Things are actually going pretty well for me at the moment. Work is very busy, which is great, and I’m just about having enough time to squeeze in being sociable and seeing my friends. Sure it’s a bit more hectic that I’d like it to be, and things like hayfever, some quiet bouts of depression and people being a nightmare, it’s been ok.
Obviously missing a lot of my old friends. Seems to have been months since I’ve seen some of them. Others’ I’ve seen quite regularly, but things like Facebook help to stay in contact, so it’s not so bad.
Some arguments with, well, mostly one friend. Similar things have happened before though, with them and other people. Mostly about things that I’ve done wrong, but they’ve not been able to tell me I’ve done anything wrong, so things have got worse. Instead of just being honest and saying what they do and don’t like , it’s turned out as anger towards me, and I’ve taken that as them wanting more attention. What I didn’t realise was actually that’s what’s been getting to them, and ended up in a fairly major argument. That caused me to get pretty upset because I didn’t realise I was doing anything wrong at all, and they were too scared to be honest and just say how they’re feeling. Of course, now I’m getting all the blame for it when I didn’t know what I was doing was hurting them instead of helping.
I don’t understand why people just can’t be honest and explain what’s up, rather than hiding behind hints and expecting friends to just realise what’s up. I guess I’m as bad as anyone like this, but it’s got to a really hurtful argument that I could really do without right now. Especially since it’s all been a shock since I didn’t expect it, I thought things have been great lately.
To summarise, if somethings’ wrong – talk about it. Don’t hide behind hints and attention-seeking. It just causes anger and resentment.
More specifically, if you don’t appreciate that someone is trying to be there for you, accept that they’re trying, and appreciate it – but explain that’s not something you need right now. Don’t hide behind your emotions, anger, violence and sarcasm, because anyone sensitive is going to think that you’d appreciate more support; which is going to make it worse.
Other than that things are actually pretty good. Had some nice chats to my other friends, and actually feeling a lot more comfortable about moving forward with my life, which has felt like it’s kinda been on hold for a long time because of stuff on my mind, work and commitments.
One company I must mention – Microdirect suck. Lots of people seem to complain about their poor customer service, and there’s plenty of other stories about how terrible MD are, especially with awful returns. My experience? Bought a motherboard that turned out to be DOA (Dead on Arrival). Obviously I’d tested all the other components, and they were all fine in my testing board. This is for a customer, so I wasn’t too happy, but I guess sometimes Motherboard fail, right? (first time for me with this manufacturer!) I arranged a return, took days to get an RMA number, but I sent it back with their postage. Admittedy RMA postage was free for the first 30 days.
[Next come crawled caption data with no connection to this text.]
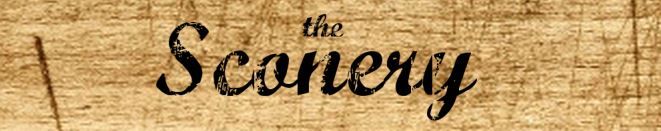 The Sconery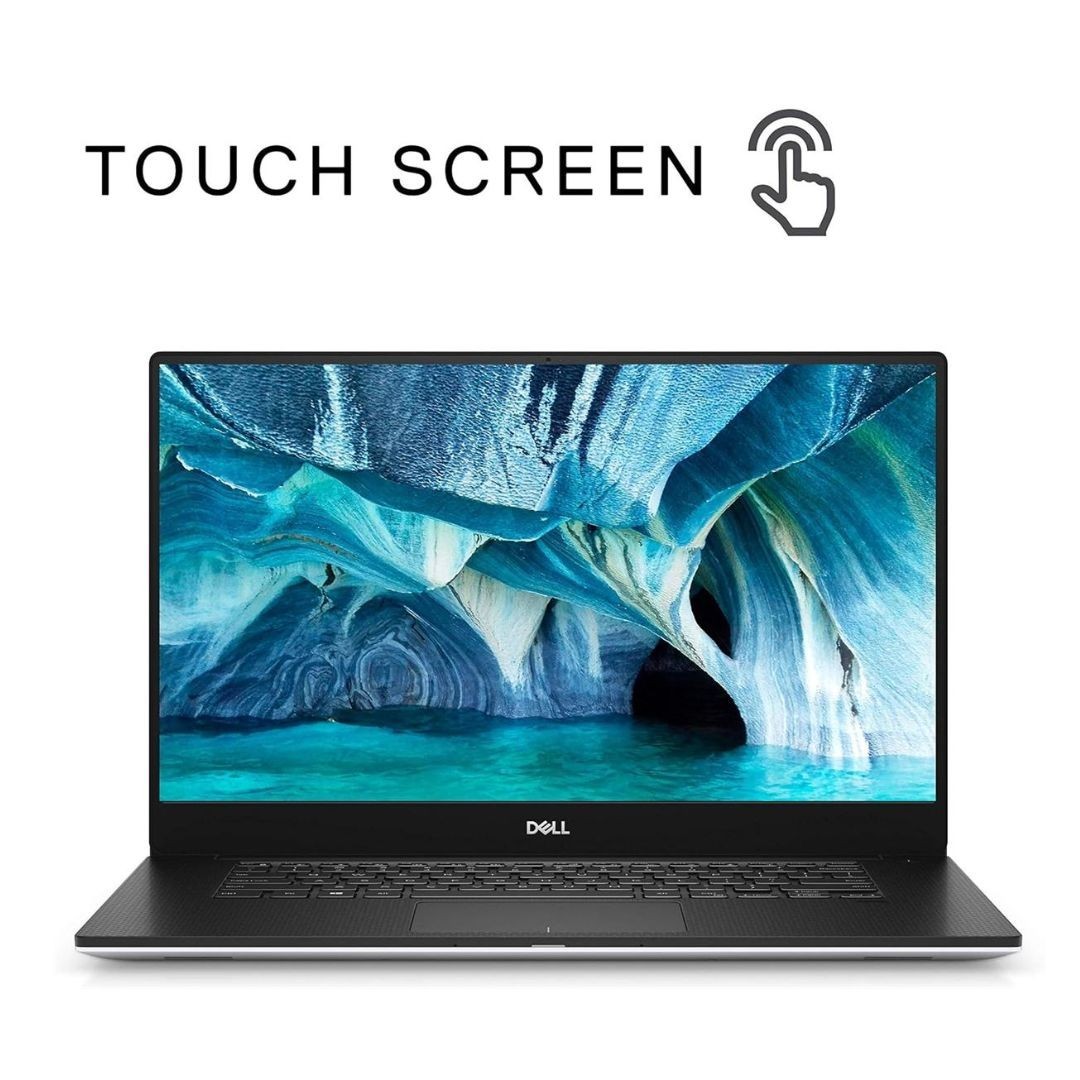 Dell XPS 15 9570 Laptop 15.6″ 4K Touch i9 8950HK 32GB RAM 1TBSSD GTX 1050Ti Wifi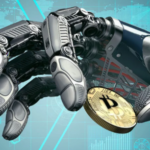 Крипто бот: заработок на цифровых активах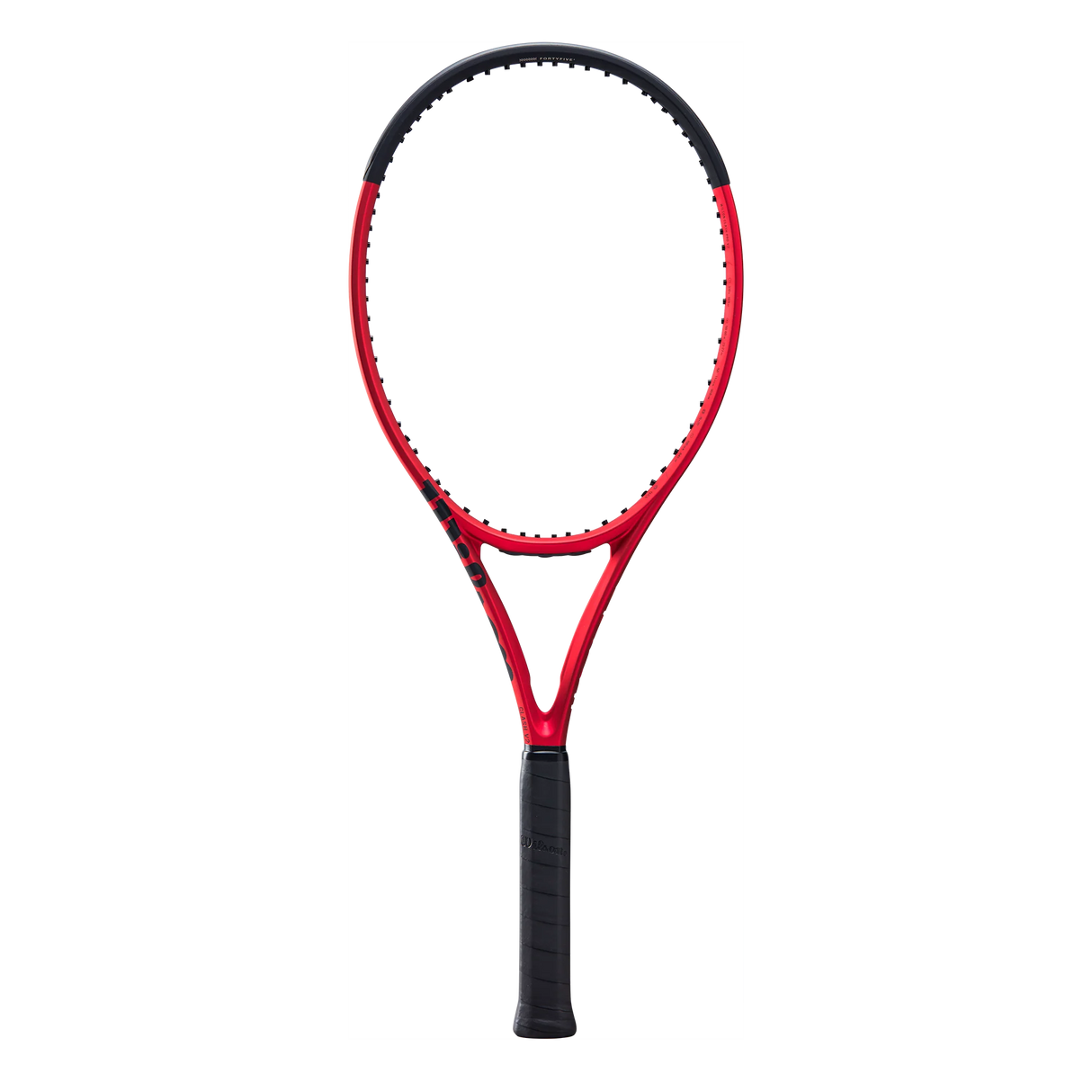 Wilson Clash 100 Pro V2 Tennis Racket (Unstrung)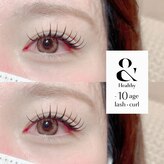 ベローアイラッシュ 三条店(Bello eyelash)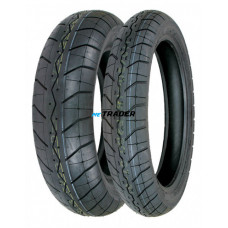 Shinko E230 110/90 R19 62V TL Front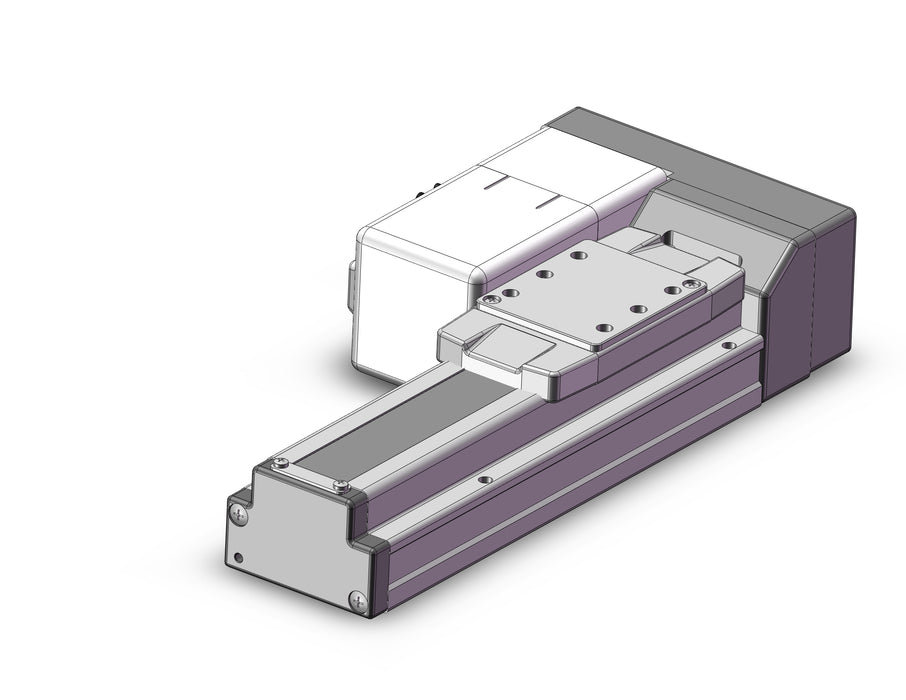 LEFS32RB-100B BALL SCREW DRIVE SLIDER ACTUATOR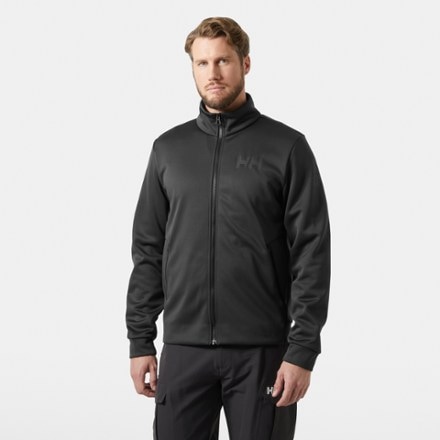 Helly Hansen HP Fleece Jacket 2.0 - Men's 1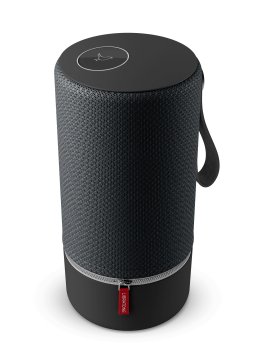 Libratone Zipp Altoparlante portatile stereo Nero 100 W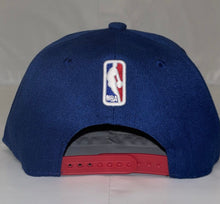 Philadelphia 76ers New Era Hat adjustable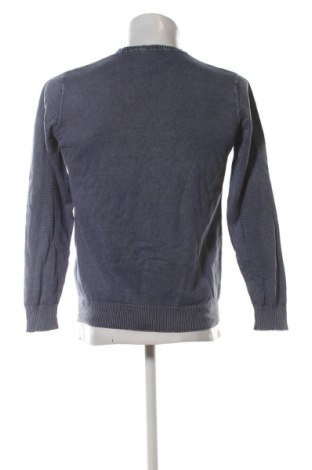 Męska bluzka Cotton&silk, Rozmiar L, Kolor Niebieski, Cena 51,99 zł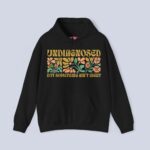 Undiagnosed But Something Ain’t Right Hoodie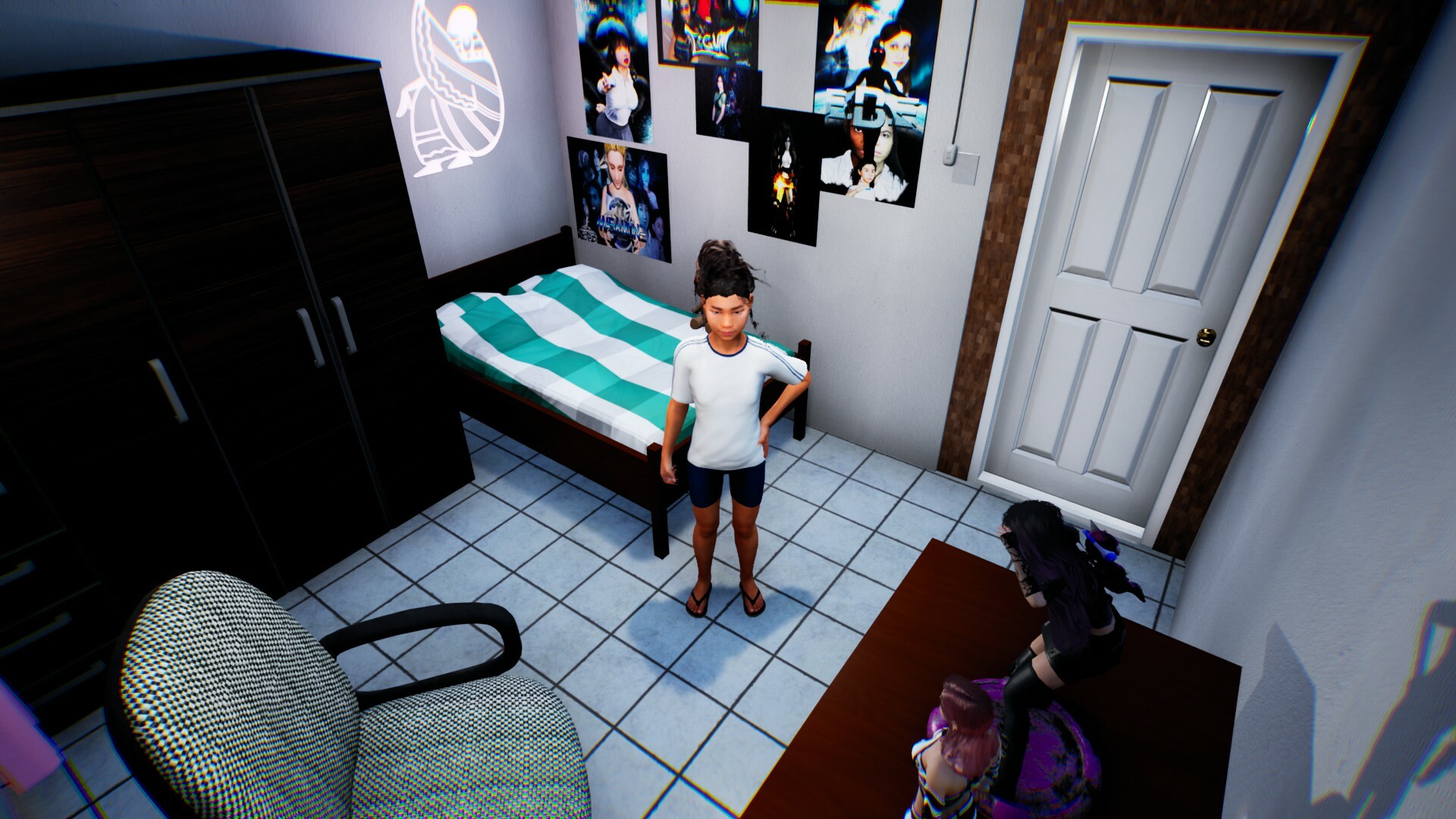 Togum - Screenshot 10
Being as it was broken on receipt, I don’t see why I should EVER pay for return unless it turns out to be fine, but that’s just my opinion.
Anyway. I received the new one about 10 days later, remember I’ve got a customer waiting patiently. Got it all set up. Same problem. DOA; won’t boot, nothing on screen. Exactly the same. I checked the serial number, it’s the same as the old board! They’ve sent me the SAME motherboard back as what I’d sent to them. I phoned, they told me I was lying and that they’d probably put the motherboard in the old box, despite the board already having signs of being screwed in, having a loose northbridge heatsink and the backplate not being in a plastic bag. They couldn’t deal with it on the phone, so I had to fill in an RMA online. I said I’d like them to arrange collection and a refund, and to call me to arrange.
Must get in contact with some old friends, and get on with some side projects I’ve had in mind for years. It’ll happen this year. I’m sure. Aside from the arguments and stuff being my fault without me realising or being told about it, things are actually pretty good for once! Can’t actually complain, but could do with a hug if anyone has one spare?